The survey problem isn't the tool — it's the epistemology
When you ask an engineer to rate themselves on Kubernetes, you're asking them to evaluate what they don't know they don't know. An engineer who has never encountered a specific Kubernetes failure mode will rate themselves as competent in Kubernetes because all the Kubernetes work they've done has gone fine.
The skill gap isn't visible to them. It's not that they're lying — it's that they're reporting from their own experience, which is necessarily incomplete.
What your workflow data is actually showing you
Pull request review patterns tell a different story. When a senior engineer leaves the same category of review comments — "this doesn't handle the edge case where..." — across multiple PRs from the same engineer, that's signal. It's not self-reported. It's observed.
When an incident involves the same team members repeatedly escalating because the on-call engineer lacks exposure to a specific failure domain, that's signal. When Jira tickets in a particular service stay unassigned or get reassigned multiple times before landing on the same two people, that's signal.
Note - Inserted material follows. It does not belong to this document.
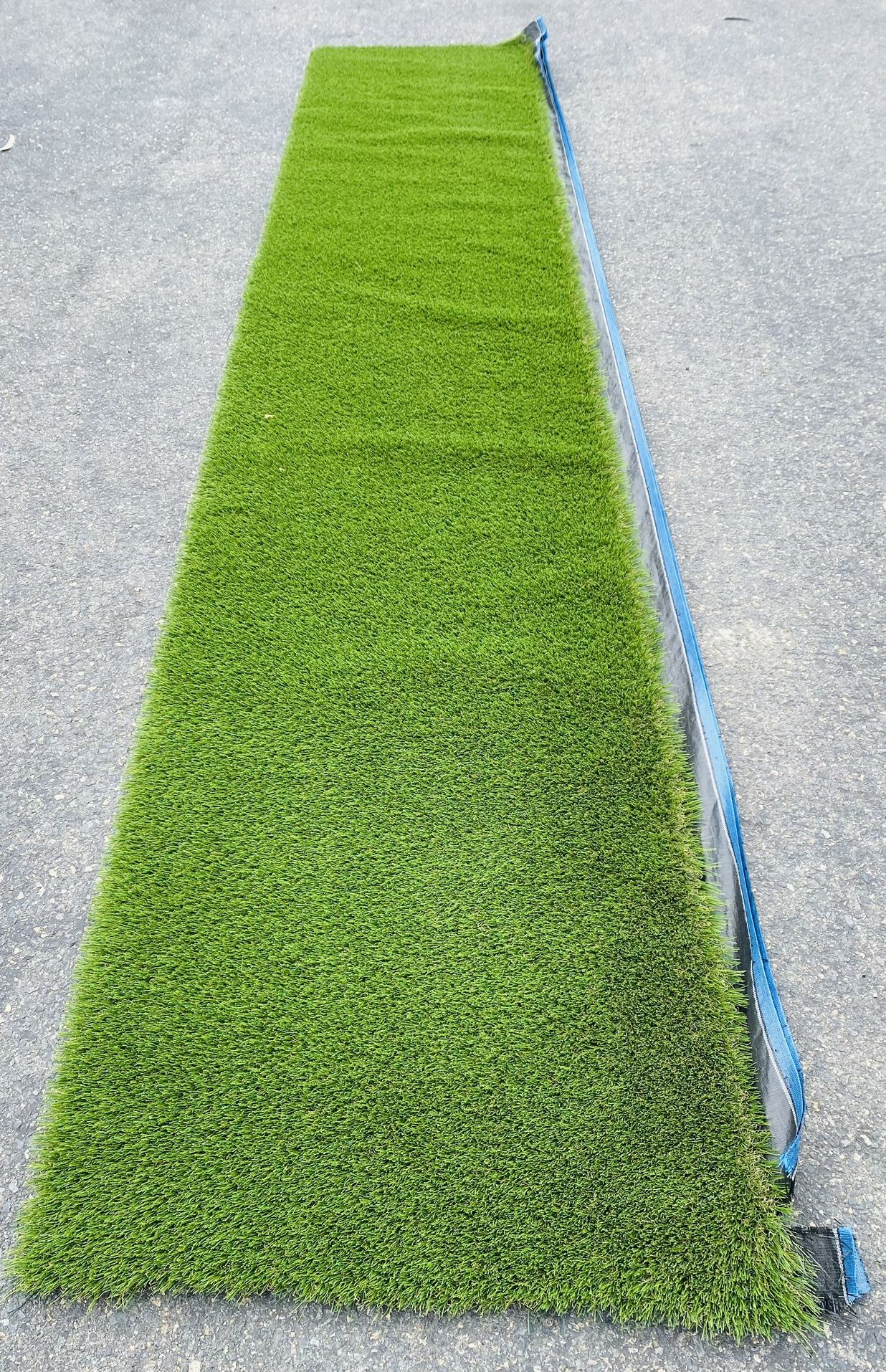 Artificial Grass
None of this data requires a survey. Your engineering org is producing it continuously, as a byproduct of normal work.
The confidence calibration problem
There's a documented phenomenon in skill assessment research: people with genuine expertise often underrate themselves relative to their actual performance, while people at intermediate levels tend to overestimate. Applied to engineering skill surveys, this creates a specific distortion: your most capable engineers may flag themselves as needing improvement in areas where they're actually strongest, while engineers with dangerous blind spots rate themselves as confident.
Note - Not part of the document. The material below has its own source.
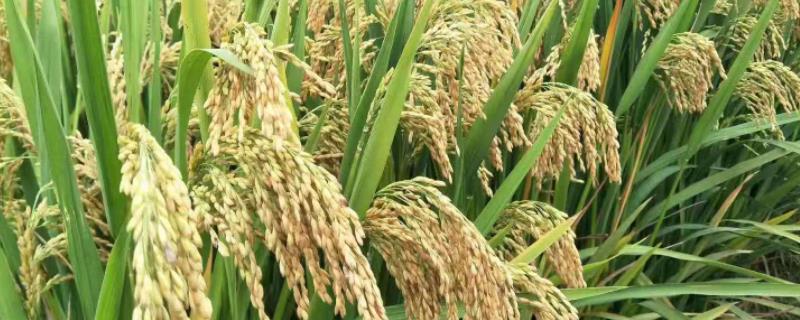 三系法杂交水稻，附原理和种植技术（三系法杂交水稻是什么意思）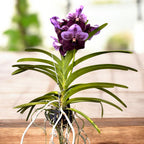 Vanda Two Tone Lavander (ANSU)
This isn't a problem you can solve by improving survey design. It's a fundamental limitation of self-report methodology for skills that require encountering failure to recognize.
What to read instead
The data your engineering organization is already producing has several properties that make it more reliable than surveys:
- It's behavioral, not self-reported — it reflects what engineers actually do under real conditions, not what they believe they'd do
- It's continuous — it updates as new incidents, PRs, and tickets arrive, not on a quarterly survey cadence
- It's specific to your codebase — it maps to the actual domains and failure patterns your infrastructure produces, not a generic skill taxonomy
- It surfaces unknown unknowns — engineers can't report gaps they haven't encountered; the codebase records when they encounter them
The gap between what surveys find and what the codebase reveals
In every engineering organization we've worked with, the competency graph built from workflow data surfaces at least two or three skill gaps that had never appeared in survey results. These aren't minor gaps — they're the ones correlated with actual incidents. They're the skills that are making your infrastructure fragile right now, and they're invisible to your current L&D planning because no engineer knew to report them.
Your incident log knows. Your PR review history knows. Your Jira ticket escalation patterns know. The question is whether you're reading them.
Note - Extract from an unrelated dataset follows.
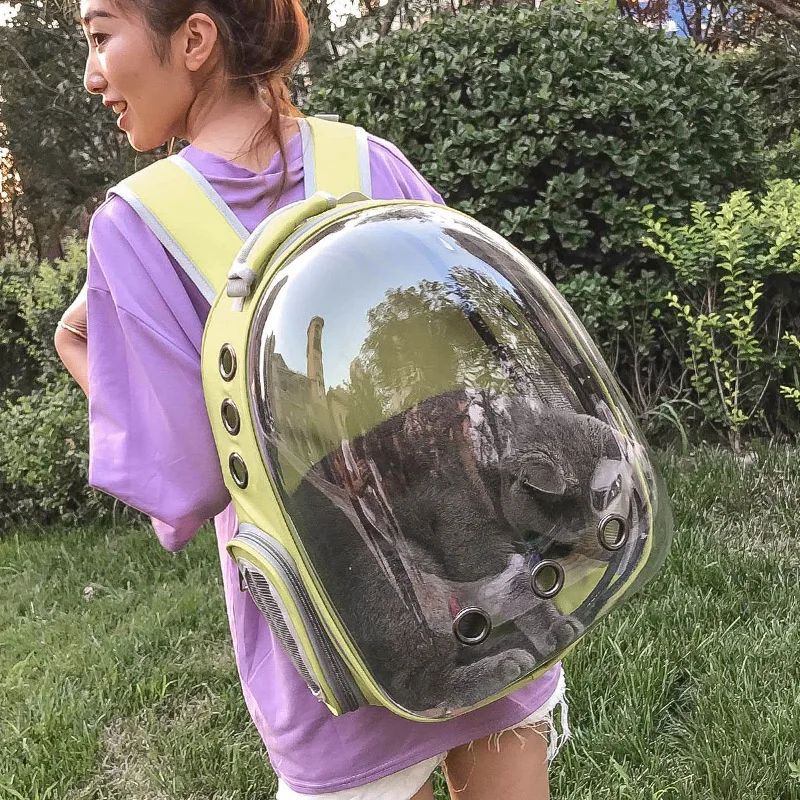 Bolsa de transporte transpirable para mascotas, mochila transparente para viajes al aire libre, bolsa de transporte para cachorros, gatos y conejos - imagen 5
"We ran surveys for three years and built training programs from them. Tunlai showed us in the first week that two of our five training priorities were solving problems we didn't actually have — and missing the three we did."
The survey isn't wrong because engineers are dishonest. It's wrong because it's asking people to report the shape of their own blind spots. The alternative is to read the data that records what happens when those blind spots encounter reality.
That's what incident logs, PR reviews, and ticket patterns are for.